Esta situación irá alterándose a medida que el Estado fue creciendo y asumiendo tareas decisivas para la calidad de vida general (sanidad, educación o grandes redes de transporte), de modo que las huelgas cambian de carácter: de ser conflictos bilaterales entre obreros y patronos pasan a afectar también a los usuarios de los servicios públicos que, sin comerlo ni beberlo, acaban siendo muchas veces los auténticos paganos de la acción de unos huelguistas que, en realidad, presionan a sus empresas o a las Administraciones públicas haciendo soportar el mayor coste del paro al pueblo llano.

Por eso, cuando los paros afectan a servicios esenciales para la comunidad la única, forma de hacer compatible el derecho a la huelga con el de los ciudadanos a no ser los rehenes de su ejercicio es que la Administración fije servicios mínimos y que los huelguistas los respeten. Si no es así las huelgas se llaman, no por casualidad, huelgas salvajes.

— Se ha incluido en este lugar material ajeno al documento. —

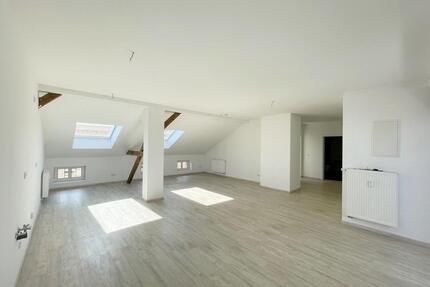 Modernes Dachgeschoss-Feeling – 3 Zimmer mit Terrasse im Paulusviertel + 1 Monat kaltmietfrei! - Halle (Saale)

Y salvaje sería la que se anuncia en el sector de los transportes -esencial para la comunidad donde los haya- cuando se habla de paro indefinido a partir del jueves 13 si los huelguistas siguiesen sin respetar, como hasta ahora, los servicios mínimos fijados legalmente.

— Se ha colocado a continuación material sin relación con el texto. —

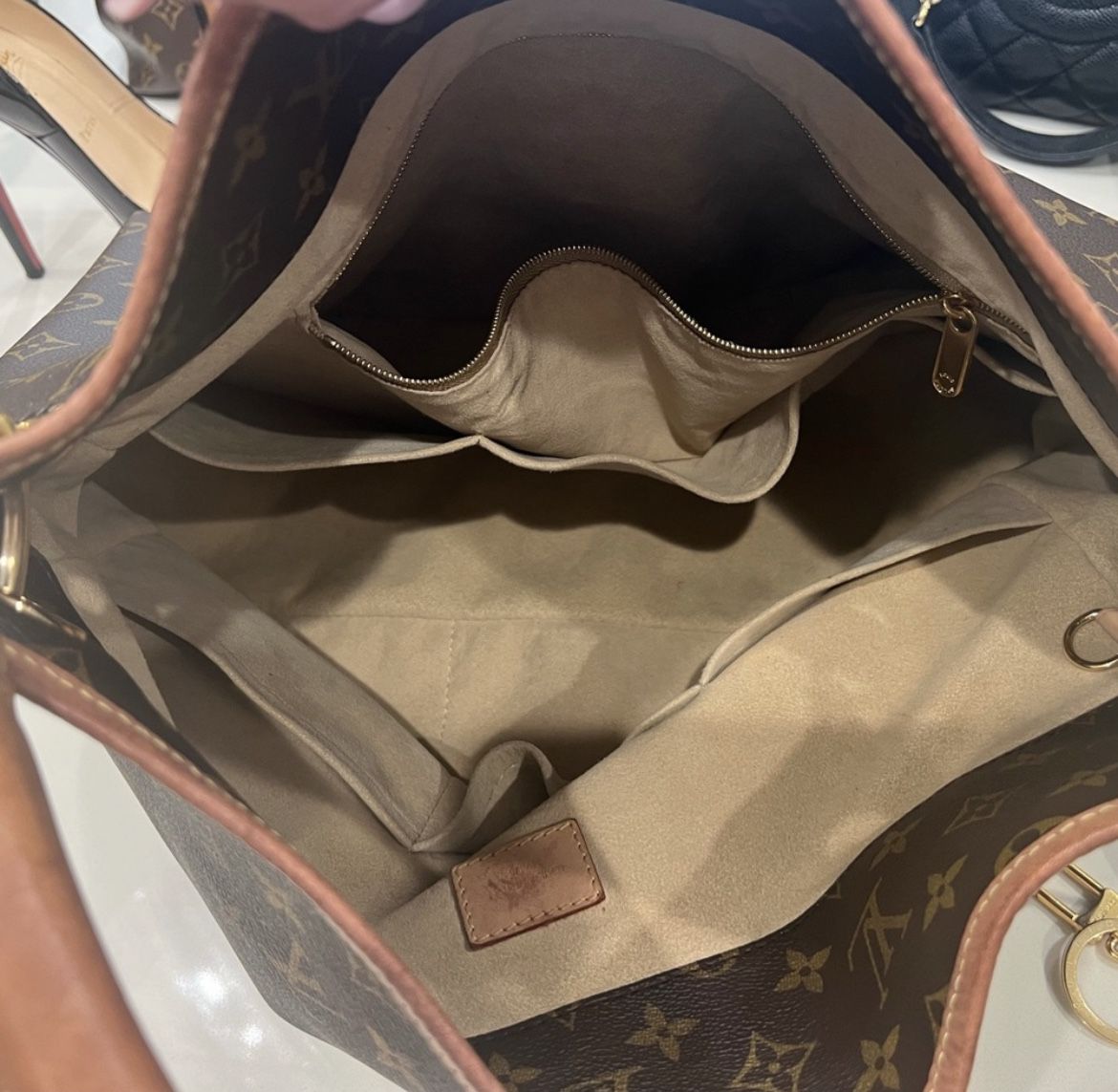 Louis Vuitton artistry bag for Sale in Gulfport, FL - OfferUp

Parece obvio que el sector público no puede seguir manteniendo indefinidamente líneas de transporte muy deficitarias que se pagan solo o mayoritariamente con impuestos. Y lo parece también que, con las necesarias garantías de vigilancia, no debería haber problema alguno para que el transporte escolar -que tiene un coste inmenso en un territorio como el nuestro, con población tan diseminada- se haga compatible con el transporte de viajeros.

Pero, sea cual sea la posición que cada cual mantenga a ese respecto, hay algo que no tiene discusión: que incumplir los servicios mínimos en una huelga de transportes constituye una intolerable salvajada y un medio inaceptable de presión, que convierte a cientos de miles de usuarios en moneda de cambio de un trato que no les concierne en absoluto, pero del que son los perjudicados de verdad.